#### [PROBLEM TO SOLVE]
Would it be possible to output exactly, and only, the lines below from the one holding "CALÇA JEANS MOM" to the last line, both included, with every picture left out?

╭─ RECORDED DATA

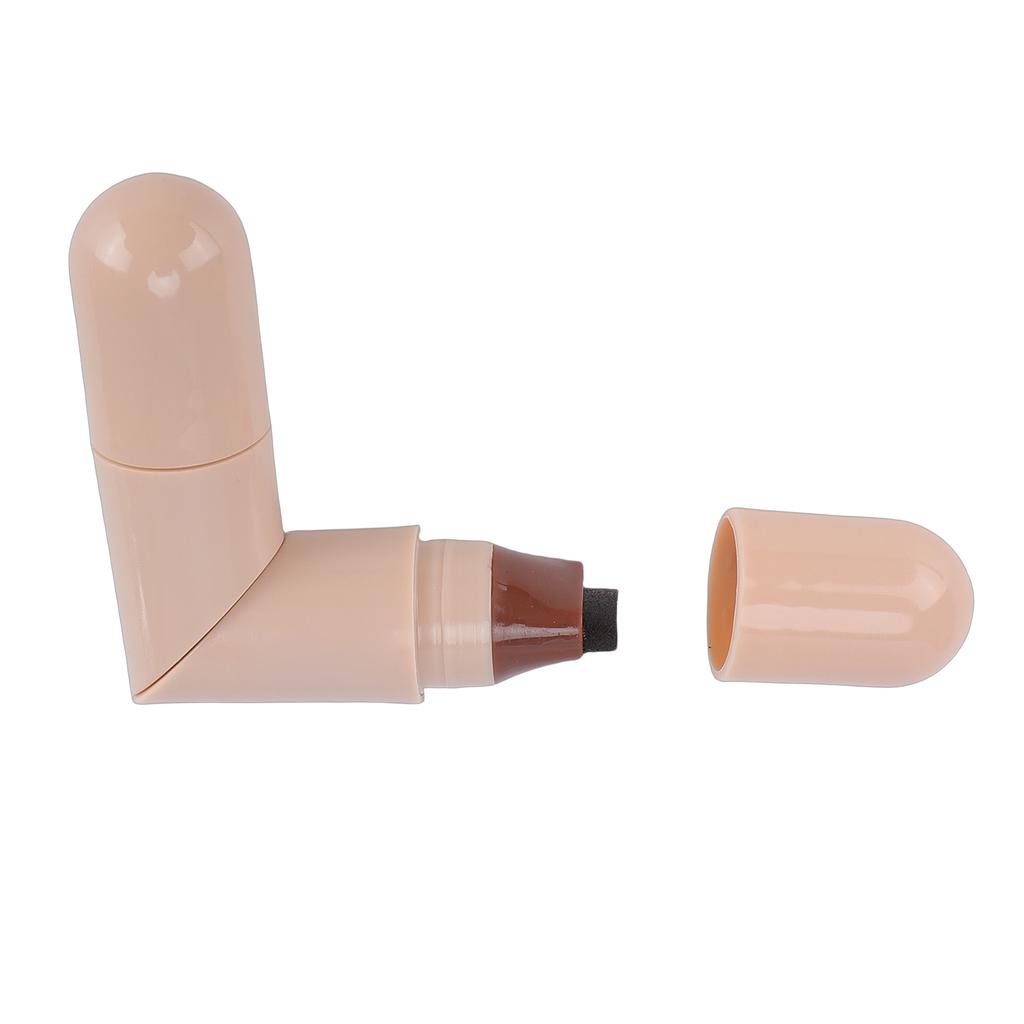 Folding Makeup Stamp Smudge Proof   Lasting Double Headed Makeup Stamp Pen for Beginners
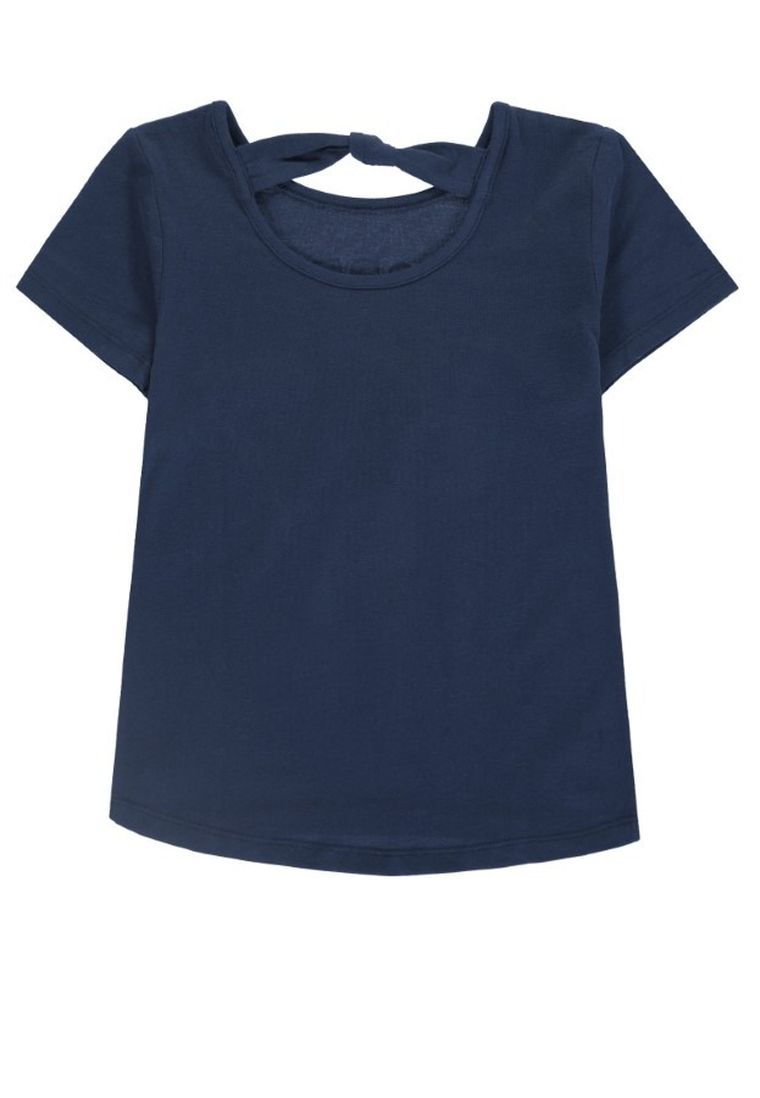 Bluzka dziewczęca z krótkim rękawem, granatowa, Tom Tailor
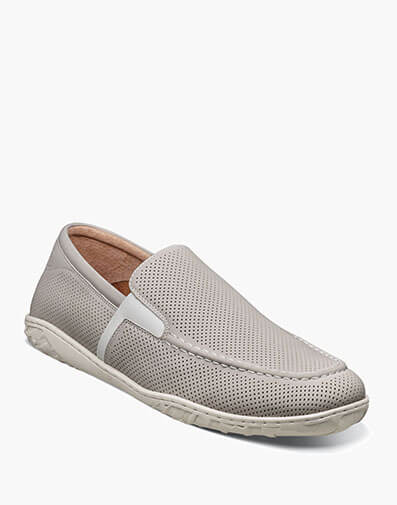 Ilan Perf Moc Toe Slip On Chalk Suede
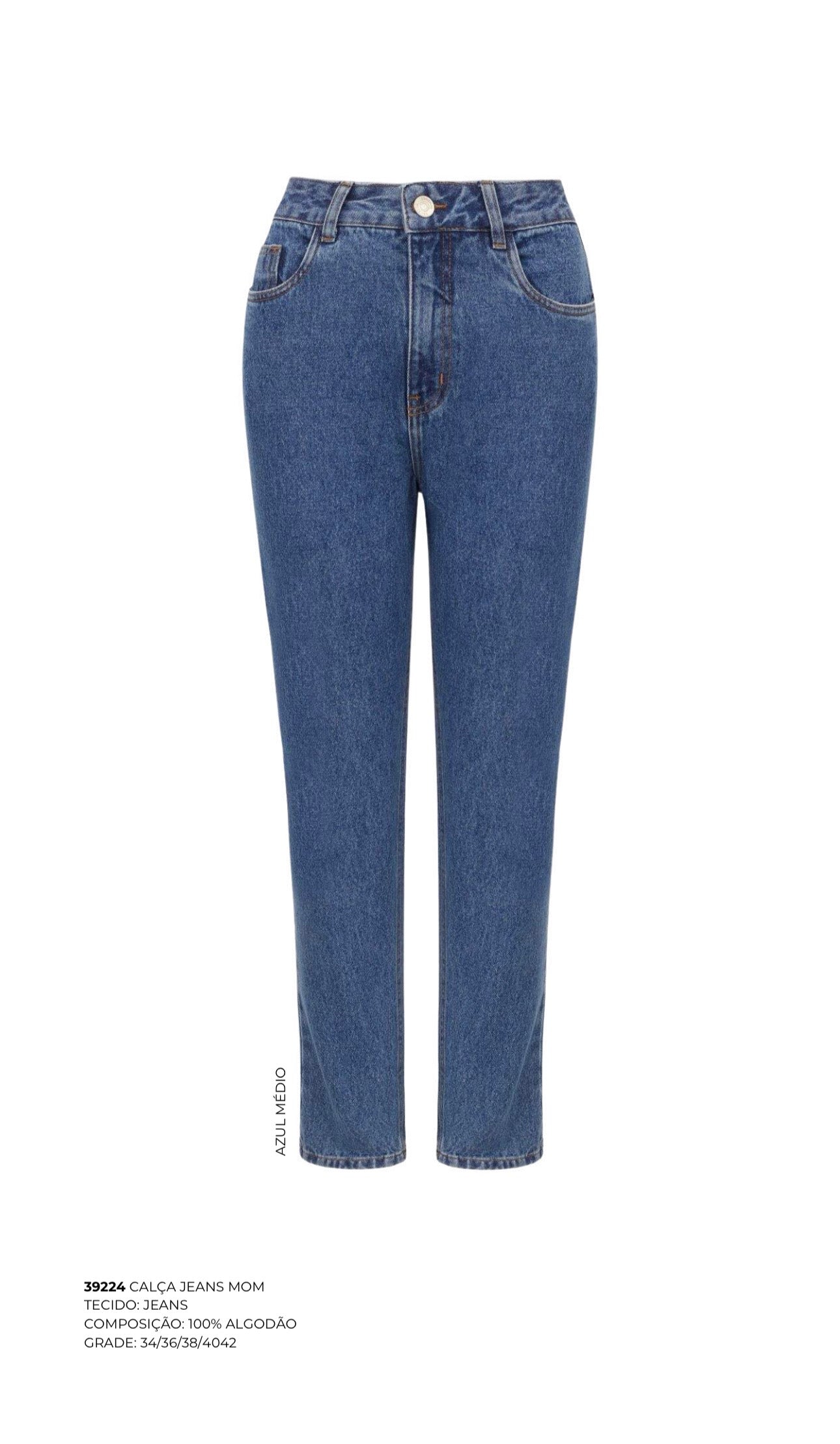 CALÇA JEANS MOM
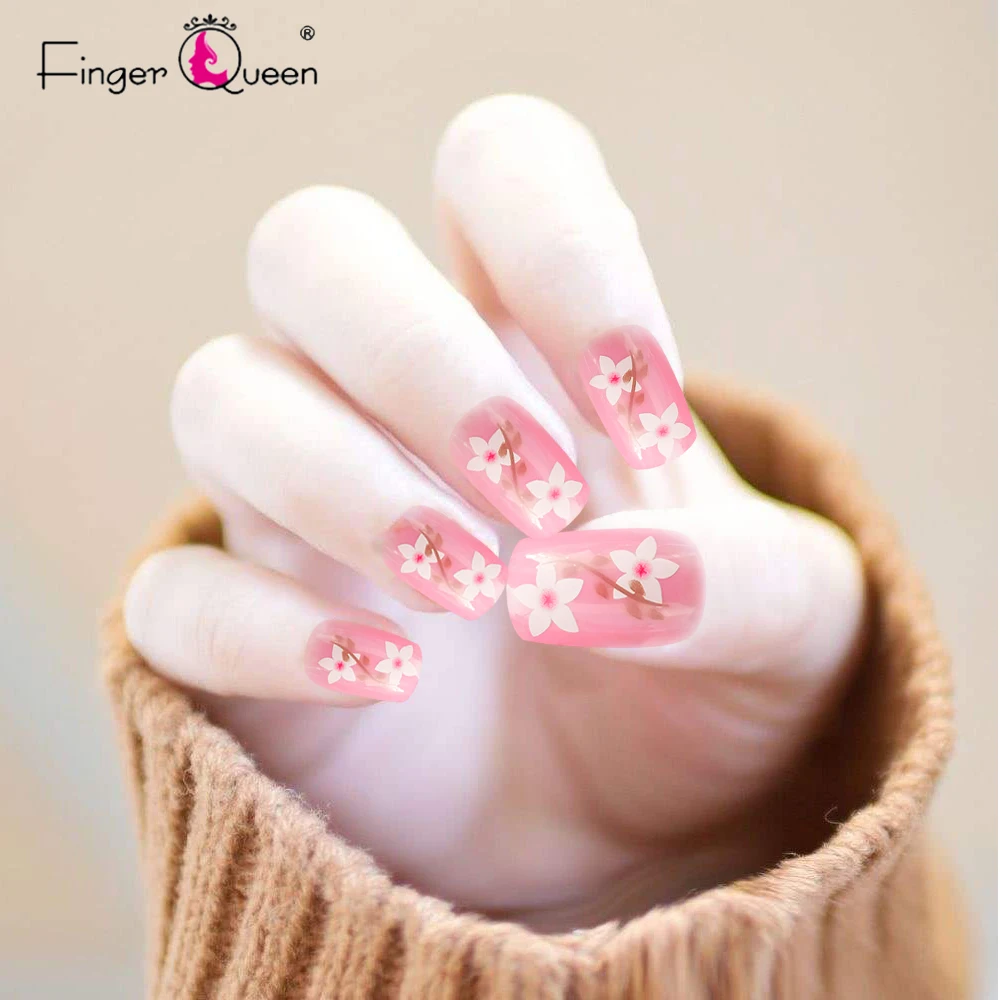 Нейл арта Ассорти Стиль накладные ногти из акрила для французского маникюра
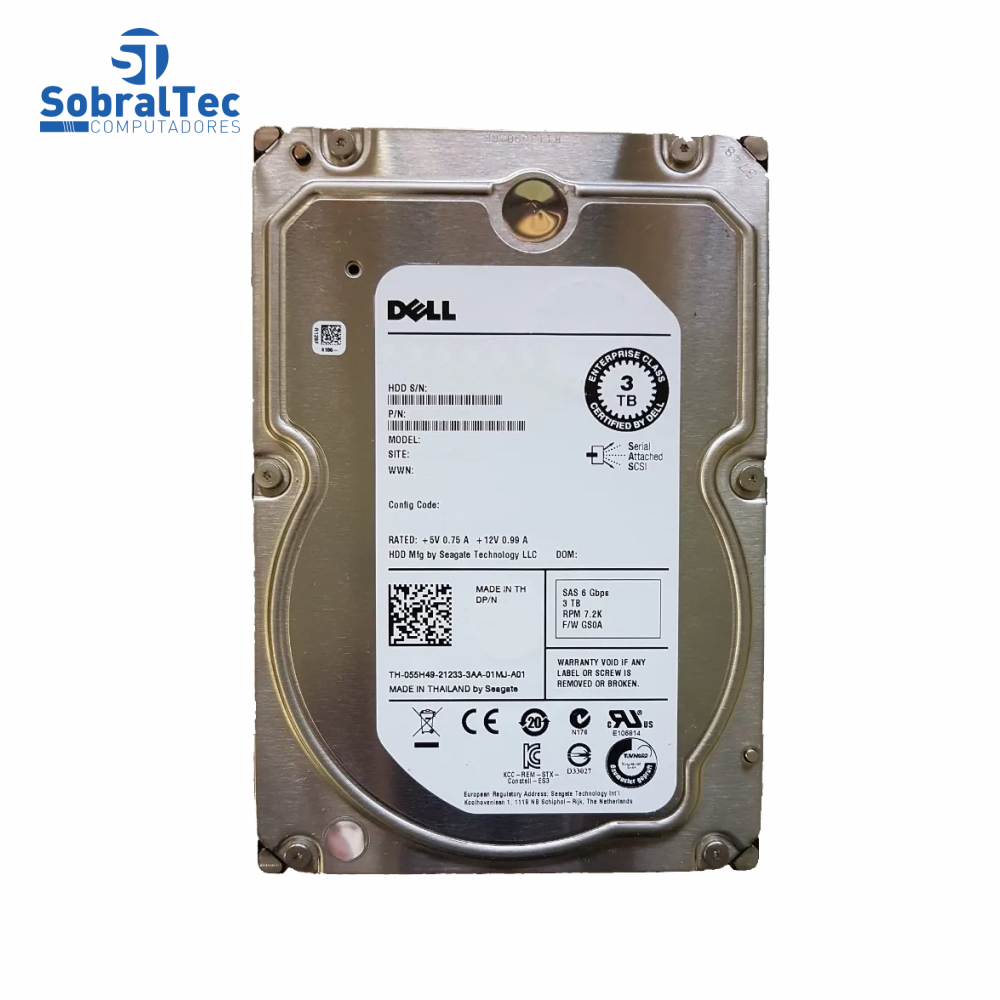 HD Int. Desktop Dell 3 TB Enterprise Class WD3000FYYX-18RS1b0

╰─

#### [WRITTEN SOLUTION]
 CALÇA JEANS MOM
 Нейл арта Ассорти Стиль накладные ногти из акрила для французского маникюра
 HD Int. Desktop Dell 3 TB Enterprise Class WD3000FYYX-18RS1b0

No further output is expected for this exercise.